Riding a bicycle is easy once you know how to do it. Once you’ve internalised a skill, it’s almost effortless to apply it.

Working in tech is like that.

Through the course of our careers, we pick up new things, grapple with them and add them to our backpack. Once we understand how REST services work, we can apply them to different problems. They’ve become easy now.

Experienced techies understand complex matters and handle them with ease. For the less experienced or the self-proclaimed non-technical people, this can be intimidating.

There are often situations where we’ll need to discuss technical complexities with people who do not have them in their backpack.

Discussing an asynchronous system with someone from HR. Explaining GraphQL to a database engineer. Talking about unit testing with a junior developer.

The more experienced we get, the more we need to work on finetuning those conversations. There are plenty of wrong ways to do this and unfortunately, they seem to be popular in our industry.

“If they don’t understand database transactions, they why are they in the meeting?”

“Machine Learning isn’t that difficult. It’s a little bit of math. Just try to master these 3 frameworks.”

“If they don’t understand, they’ll ask.”

On the other side of the conversation are people who don’t want to feel like an idiot. Not understanding a technological component can feel like a professional shortcoming, especially in tech. They are not likely to interrupt and ask “dumb” questions. In fact: they’ll never ask anything again.

If we want to bridge the gap in knowledge, it’s up to us to accommodate our partners.

Gauging someone’s technical understanding is tricky. It can be a minefield.

Aim too low, and you risk coming across as condescending. You’ll make them feel disrespected.

Aim too high and you’ll intimidate them. They will try to save face and not ask questions.

If we are going to explain, we should act as a host and make our guest feel as comfortable and welcome as possible. We should aim low, but make our assumptions explicit.

“I don’t know how much you know about Kubernetes, so interrupt me if it’s too obvious…”

“Dependency injection can take time to wrap your head around, so don’t worry if it’s still unclear. It’s not straightforward.”

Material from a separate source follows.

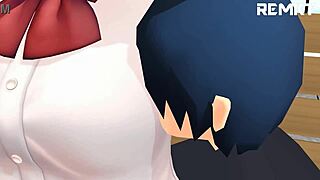 After school the giantess confesses her huge fetish secrets in MMD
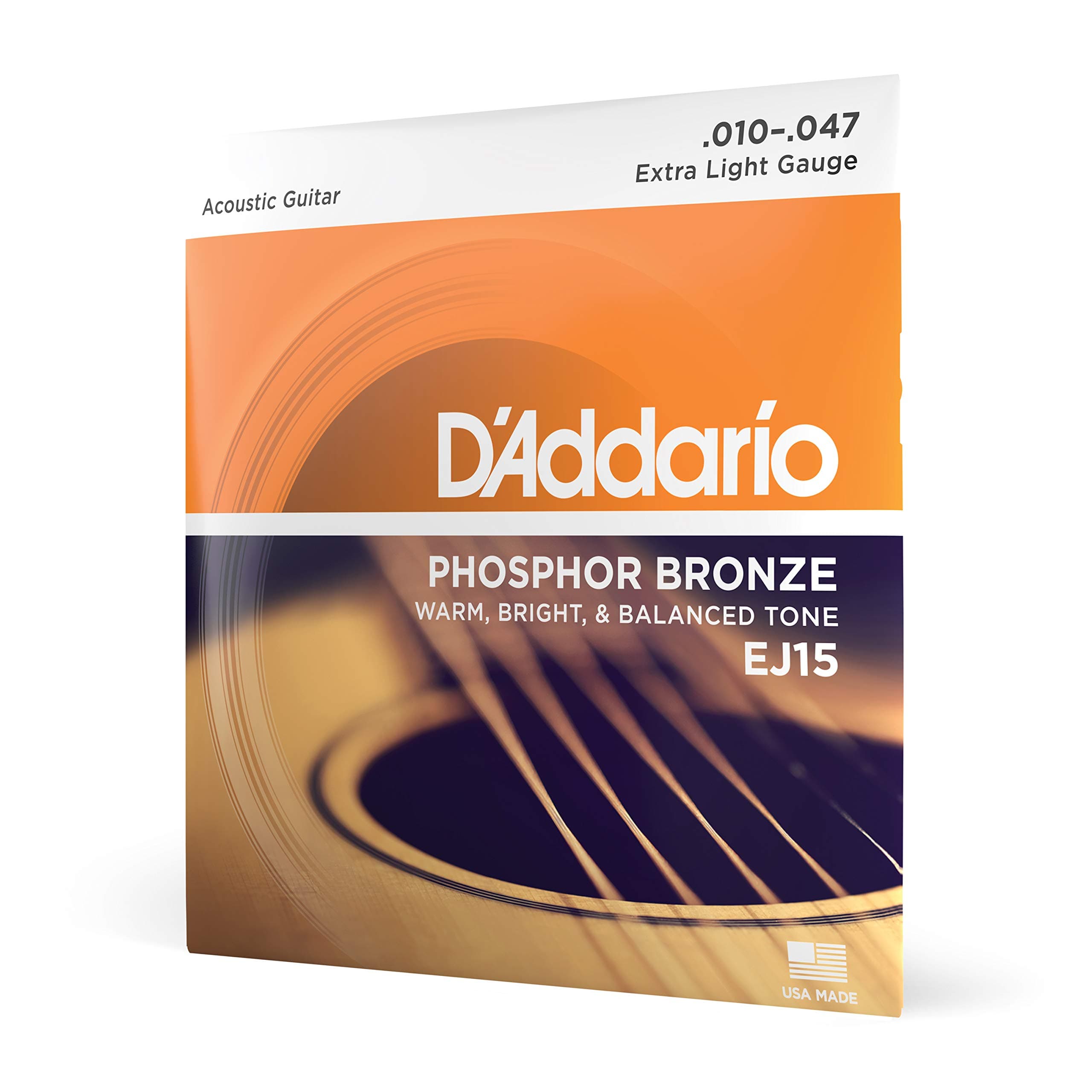 Acoustic Guitar Strings, Phosphor Bronze, EJ15, Extra Light Gauge 10-47, 6-String Set, Pack of 1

Doors open when people feel comfortable around you. They’ll ask “dumb” questions that turn out to be vital information. They’ll ping pong their ideas off you and you’ll both learn.

When I started my coding career, junior devs would ask questions and they would get a list of reading recommendations in return. That was unsupportive in a time when tech was confined to the IT department.

These days, software is everywhere. RTFM is just unprofessional.